Supporters of same-sex marriage are like supporters of the Illuminati, according to evangelical television host Pat Robertson, who made the remarks in a recent episode of his program The 700 Club. The former Southern Baptist minister suggested the comparison while discussing the legalization of same-sex marriage in France. Even if Robertson's remarks were valid, it does not pose much of a problem for ordained ministers in the Universal Life Church, who seem to hold many of the same principles as this historically maligned group.
In an attempt to lend his comment an air of venerability, Robertson relies on a slightly misquoted admonition attributed to former British Prime Minister Winston Churchill, who famously said, "[t]hose who fail to learn from history are doomed to repeat it." For Robertson, the "crimes" of the Illuminati are being repeated in France and elsewhere:
It has been said that those who do not learn the lessons of history are doomed to live them again. To go back in history to the French Revolution, you find that there was a thrust spurred by the writing of a group called the Illuminati to destroy the family, to destroy the state, to destroy capitalism, to destroy the Church, and it was lived out in the blood of the French Revolution. Well, we have here the debate over same-sex marriage, but is it really just about marriage? Or does it go far beyond that, to destroying the traditional family and building a country without God?
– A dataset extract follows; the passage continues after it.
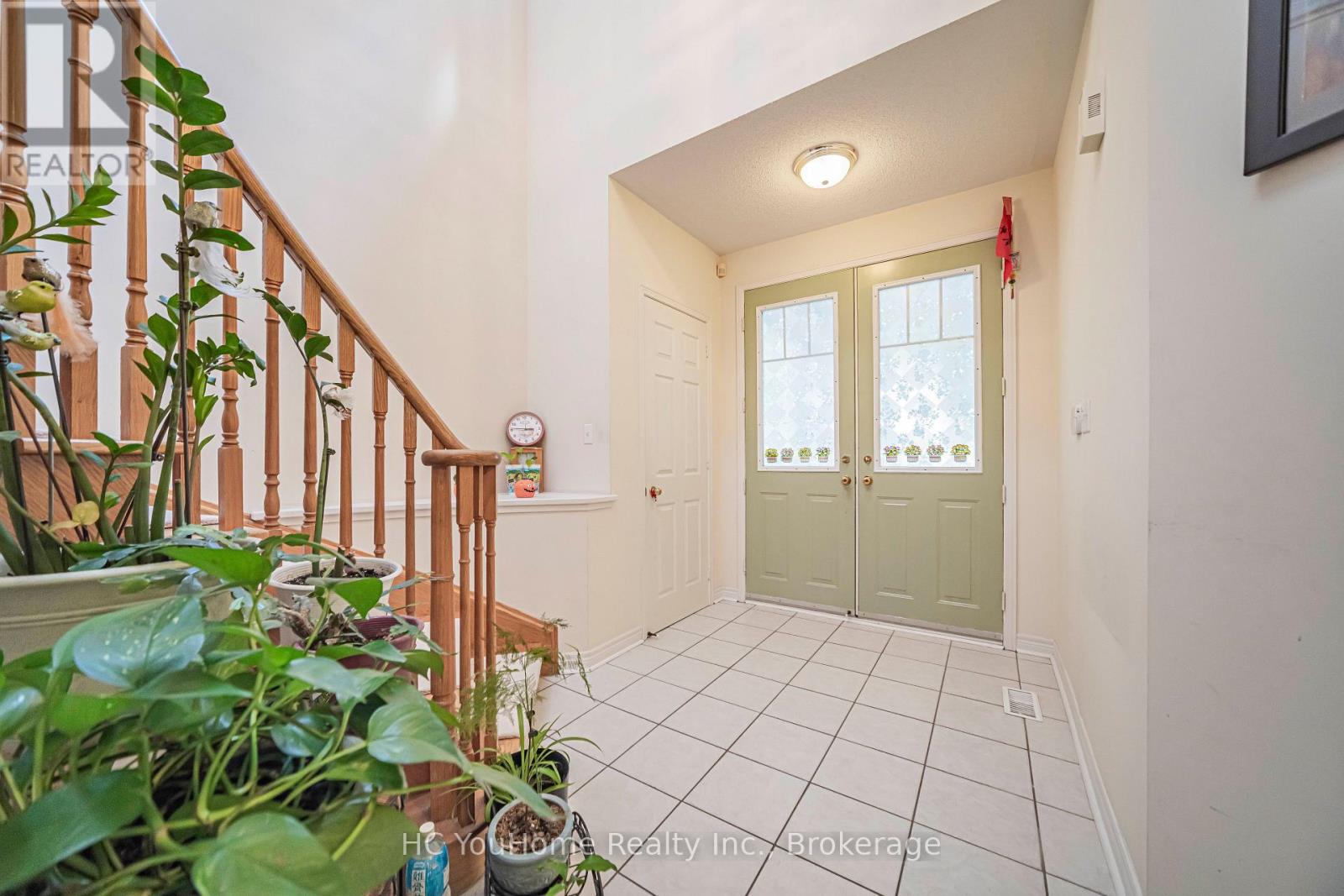 8 Briar Path Lane, Markham, Ontario  L6C 2C1 - Photo 6 - N13739596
In essence, he implies, the struggle to grant equal marriage rights to same-sex citizens equates with an assault on economic and religious freedom. Somehow, he manages to make a grand logical leap from legalizing a practice which conflicts with his beliefs to enforcing some anti-theistic agenda on Christians. But this is perhaps unsurprising, coming from Pat Robertson.
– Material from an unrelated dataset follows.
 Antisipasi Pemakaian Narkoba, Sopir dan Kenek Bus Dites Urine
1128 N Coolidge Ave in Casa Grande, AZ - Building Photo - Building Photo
Reason and Equality VS Clandestine Manipulation
In reality, the Illuminati were probably a far cry from the frightening creature Robertson describes, and a group which some ministers ordained online might have admired. The original Bavarian Illuminati were a secret society founded in 1776 during the Age of Enlightenment to resist prejudice, superstition, political tyranny, and religious domination over public life, and to support gender equality and women's education. Ironically, it was the Bavarian government, in league with the Roman Catholic Church, which suppressed and outlawed the Illuminati, and the group eventually disbanded in 1785.
If this is the true portrait of the dreaded Illuminati, is it really such an insult or an omen of evil for Robertson to compare supporters of the Illuminati to supporters of same-sex marriage? For modern secular humanists, it seems hard to argue with fundamental principles like gender equality, political integrity, religious neutrality in the public sphere, and an appreciation of science and reason as a tool for the advancement of civilization. These are principles which many ULC ministers hold. Supporters of marriage equality seem a little less terrifying, then, if indeed this is the sort of milieu from which they derive their inspiration.
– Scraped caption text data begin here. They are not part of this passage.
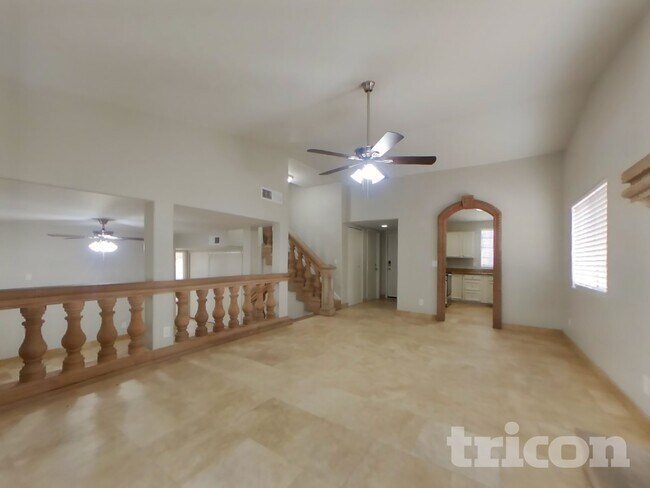 4775 W Morrow Dr Glendale, AZ 85308 photo 3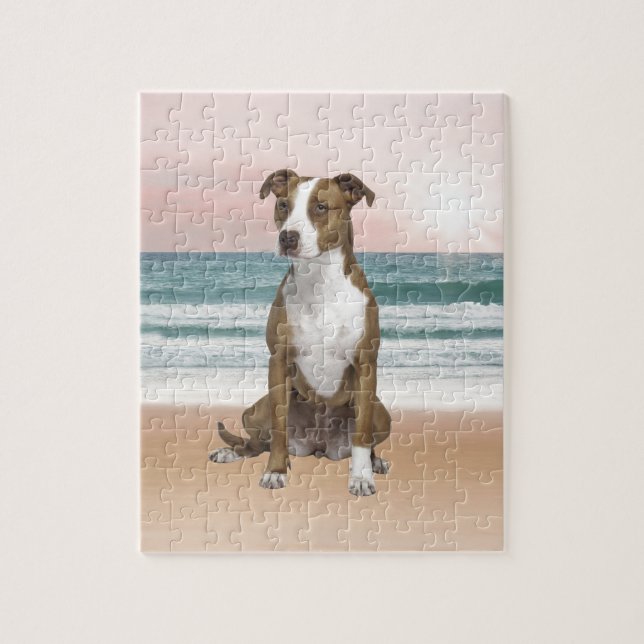 Puzzle Chien Pitbull mignon assis sur la plage avec couch (Vertical)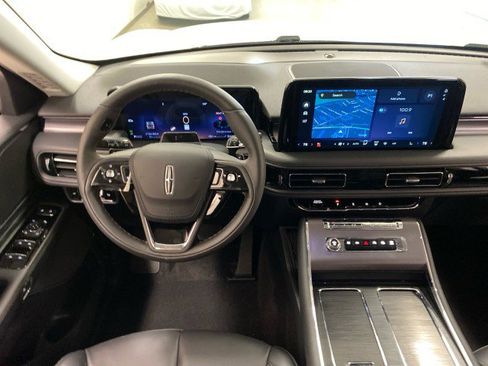 New 2025 Lincoln Aviator AWD image 12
Robertson tries very hard to instill fear and apprehension in his viewers, but the link he creates between same-sex marriage proponents and the Illuminati is not as foreboding as he suggests. Perhaps what he is really trying to say is that he dislikes the sort of principles that Enlightenment thinkers, and hence same-sex marriage proponents, stand for, namely: reason, fairness, and equality. But for Universal Life Church clergy, these things are indispensable components of our character.